## Goal of the exercise
Look below for the line containing "Garneck 4pcs Medicine"; from there through the line containing "PixelTRex™ – Rap", both lines included, please set down each line exactly and nothing else.

## Data to process
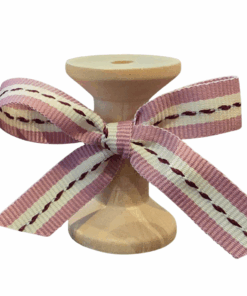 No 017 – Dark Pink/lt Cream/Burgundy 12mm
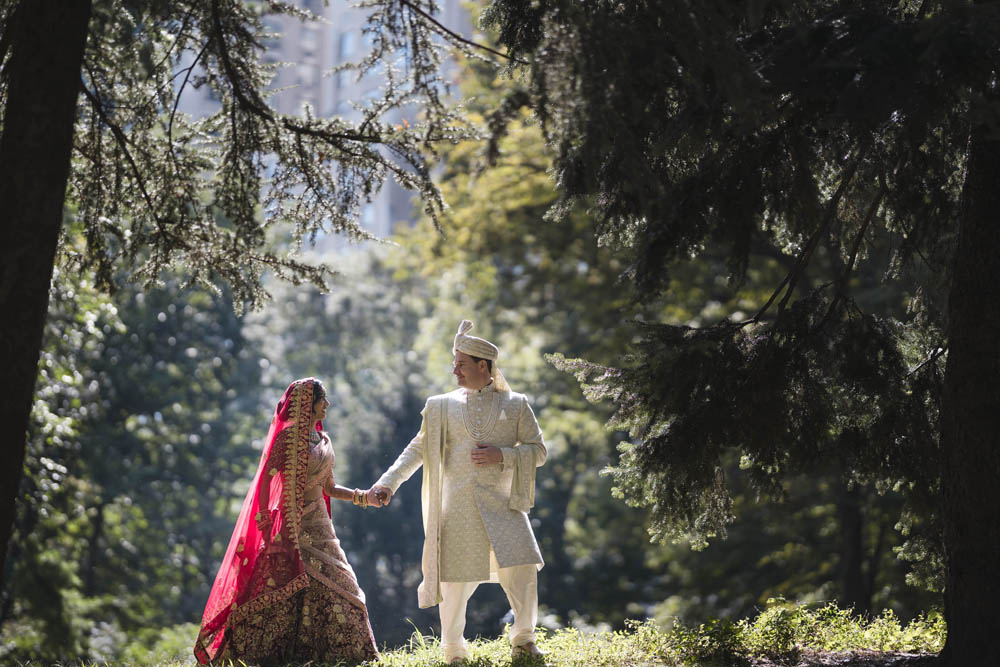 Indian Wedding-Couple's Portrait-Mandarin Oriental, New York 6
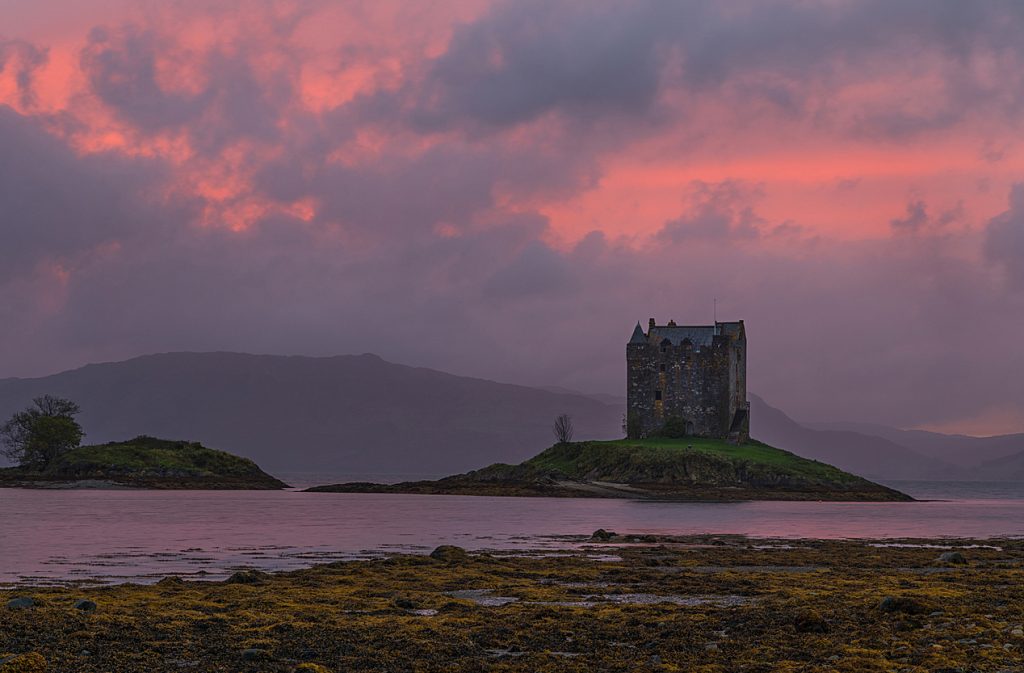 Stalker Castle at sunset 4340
* * *
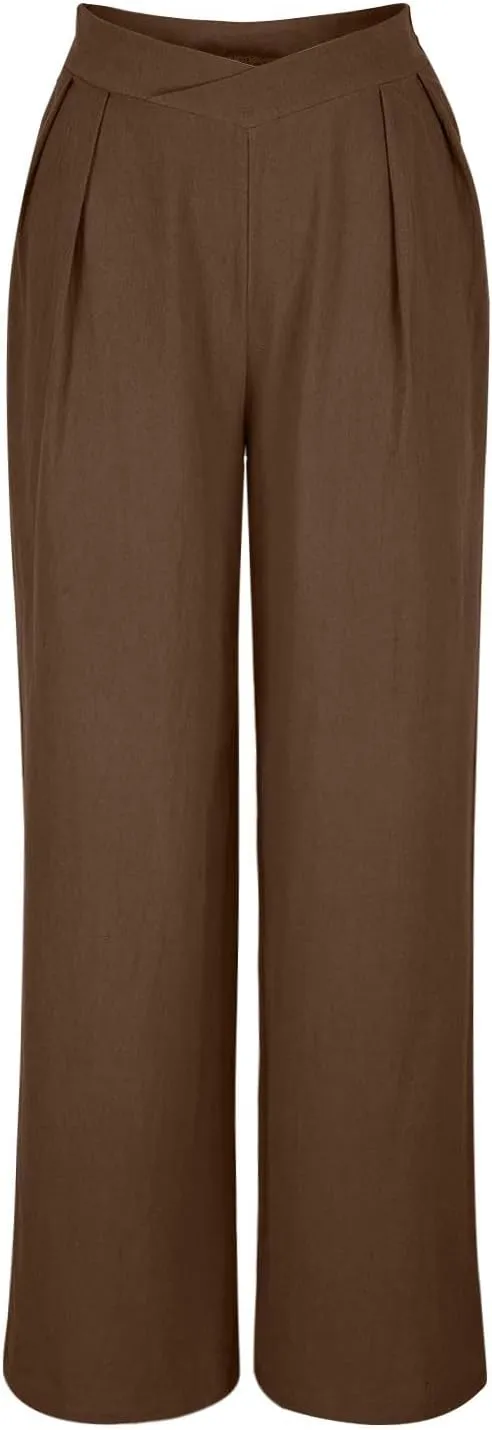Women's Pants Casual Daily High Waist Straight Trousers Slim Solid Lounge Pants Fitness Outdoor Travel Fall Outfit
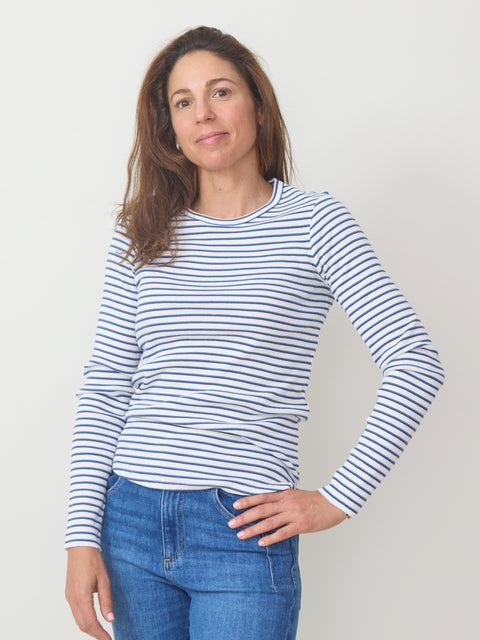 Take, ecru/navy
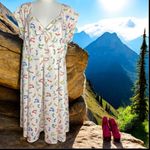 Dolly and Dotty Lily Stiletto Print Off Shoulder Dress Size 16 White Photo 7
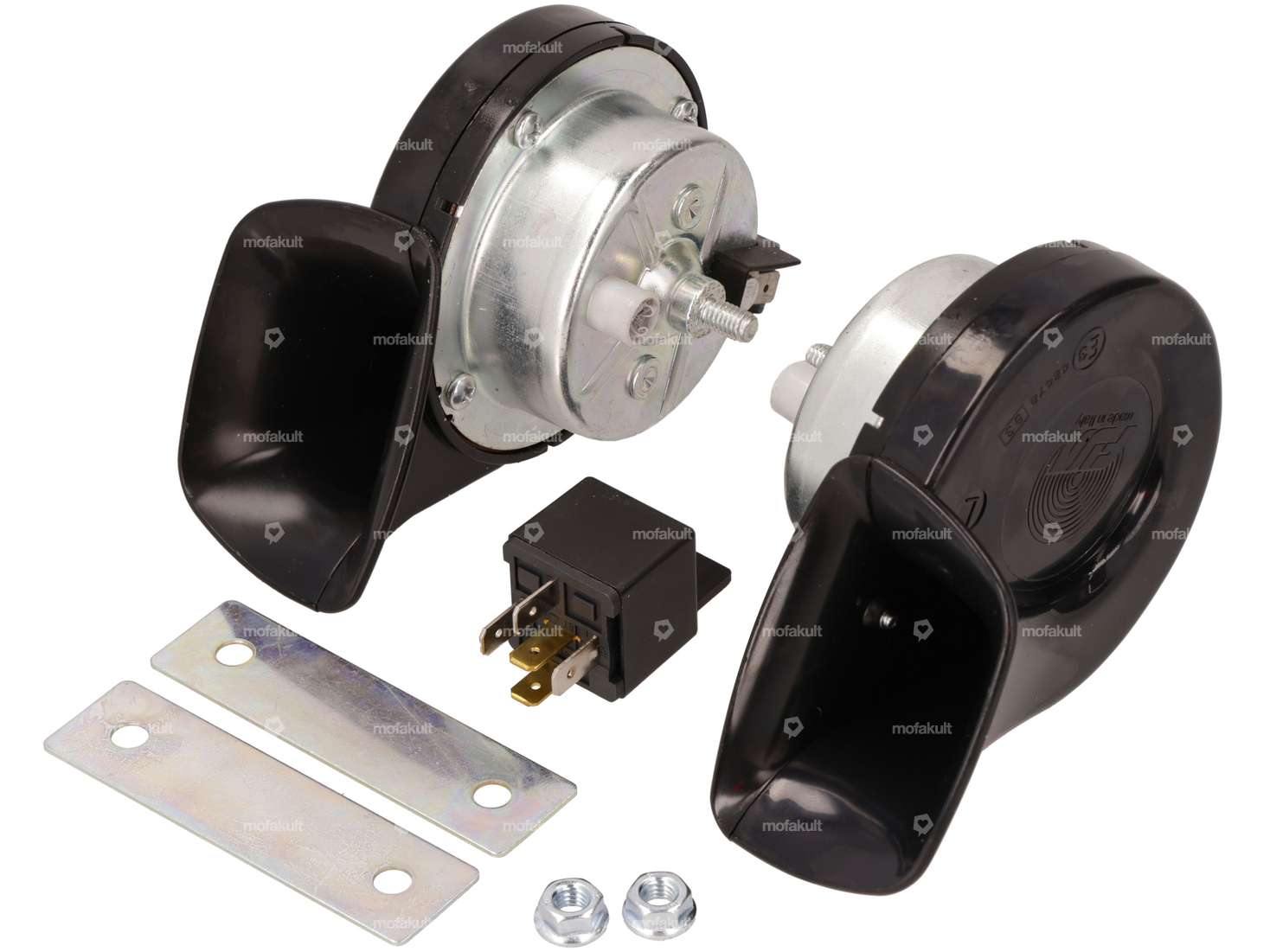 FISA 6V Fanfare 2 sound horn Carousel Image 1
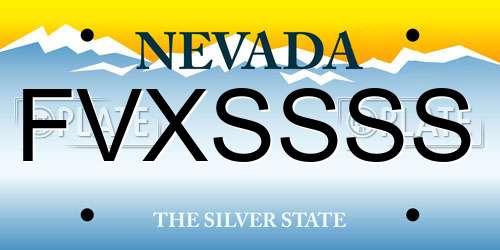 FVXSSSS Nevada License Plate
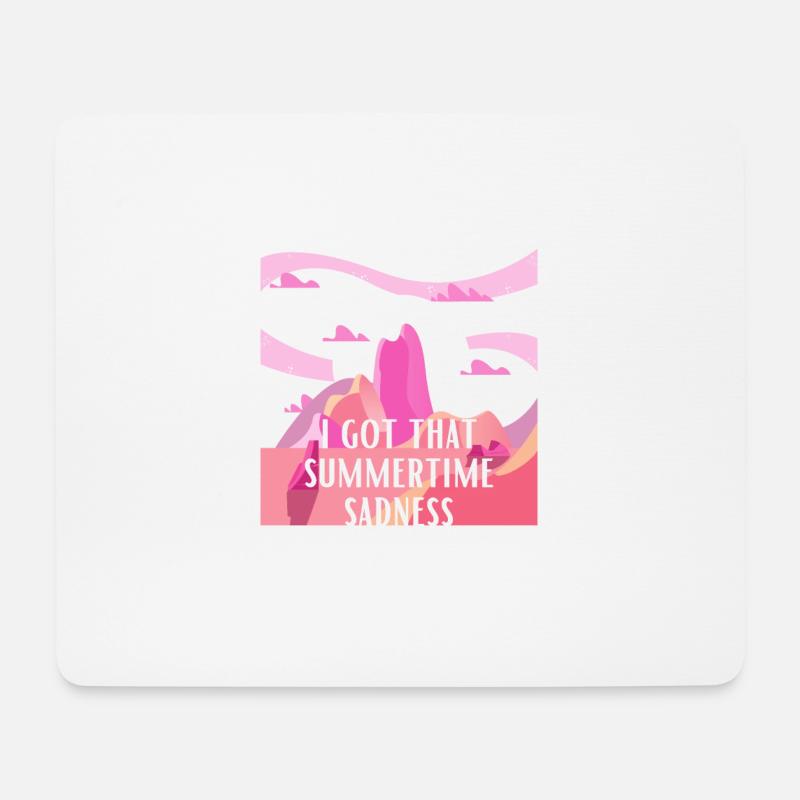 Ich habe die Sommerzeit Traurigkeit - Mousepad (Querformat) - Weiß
* * *
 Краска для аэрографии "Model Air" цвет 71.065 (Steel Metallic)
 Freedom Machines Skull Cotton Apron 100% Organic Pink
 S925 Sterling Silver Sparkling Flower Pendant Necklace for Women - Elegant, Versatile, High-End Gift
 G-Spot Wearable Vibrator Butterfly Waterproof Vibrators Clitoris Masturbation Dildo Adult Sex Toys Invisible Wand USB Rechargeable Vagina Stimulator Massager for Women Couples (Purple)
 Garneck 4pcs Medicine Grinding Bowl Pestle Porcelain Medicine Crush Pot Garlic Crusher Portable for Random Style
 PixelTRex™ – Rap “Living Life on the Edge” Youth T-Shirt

## Task output
 Garneck 4pcs Medicine Grinding Bowl Pestle Porcelain Medicine Crush Pot Garlic Crusher Portable for Random Style
 PixelTRex™ – Rap “Living Life on the Edge” Youth T-Shirt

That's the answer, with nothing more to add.